No NCEs have yet been reported with a high degree of selective affinity for GABAA receptor subtypes believed to be important for anxiolysis. However, compounds have been identified that, despite having similar affinities, show a degree of functional selectivity for different a-subunit-containing GABAA receptors (i.e., they behave as full or partial modulators of certain subtypes and neutral modulators of others). A compound preferentially potentiating a2-subunit-containing GABAA receptor responses could provide anxiolytic effects with a separation from sedation and memory impairment. A pyridine-2-one derivative, which behaves as a negative allosteric modulator with functional selectivity for a3-subunit-containing GABAA receptors, increased anxiety responses in rodents82'118 suggesting that potentiation of a3-subunit-containing GABAA receptor responses may also provide anxiolysis.
The triazalopyradizine, L-838417 (Figure 10b), had high affinity for a1-, a2-, a3-, and a5-subunit-containing GABAA receptors, but failed to affect GABA responses mediated by a1-subunit-containing GABAA receptors, and was a high affinity positive allosteric modulator at the remaining subtypes.106 In rodents, this compound had anxiolytic effects comparable to chlordiazepoxide in the EPM and fear-potentiated startle assays with little evidence for sedation. Anxiolytic activity was also observed in primates without sedation, with a low propensity for self-administration that might suggest lower abuse potential. 119 Additional compounds with functional selectivity for a2/3- or a3-subunit-containing GABAA receptors have been described118,120 with one reaching phase II clinical trials for GAD, but was discontinued.111
The pyridoindole derivative, SL-651498 (Figure 10b), had full efficacy as a positive allosteric modulator at a2- and a3-subunit-containing GABAA receptors, and was a partial agonist at a1- and a5-subunit-containing GABAA receptors. The compound has anxiolytic efficacy in a variety of tests, with higher doses required for sedative and ataxic effects.61 It reached phase II clinical trials, but no outcome or further studies have been reported.
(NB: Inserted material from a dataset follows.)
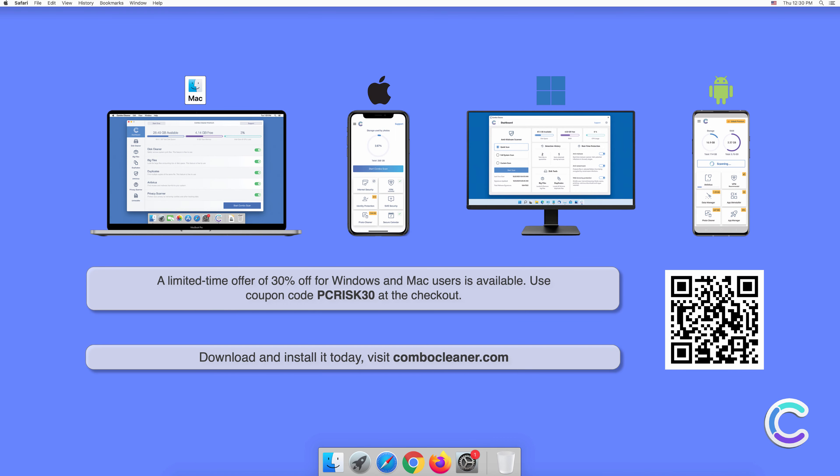Note that Combo Cleaner is available for Windows, Mac, Android, and iOS devices. To keep your device running smoothly, avoid malware infections, and free up disk space, we recommend using Combo Cleaner. A limited-time offer of 30% off for Windows and Mac users is available. Use coupon code PCRISK30 at the checkout.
The cyclopyrrolone, pagoclone (Figure 10b), had low nanomolar affinity for a1-, a2-, a3-, and a5-subunit-containing GABAA receptors and was a full agonist at GABAA-receptor-containing a3 subunits, with partial agonist activity at those containing a1, a2, and a5 subunits.82 In animals, pagoclone was anxiolytic with a lower propensity for sedative and muscle relaxant effects. Initial trials showed the pagoclone was effective in panic attack and GAD patients without sedative effects. Additional studies failed to replicate these initial findings.
Other compounds with some degree of functional selectivity towards a2- and/or a3-subunit-containing GABAA receptors and anxiolytic effects include: the quinolone 'compound 4,'121 NGD 91-3, and ELB-13982,122; few details are available on these compounds.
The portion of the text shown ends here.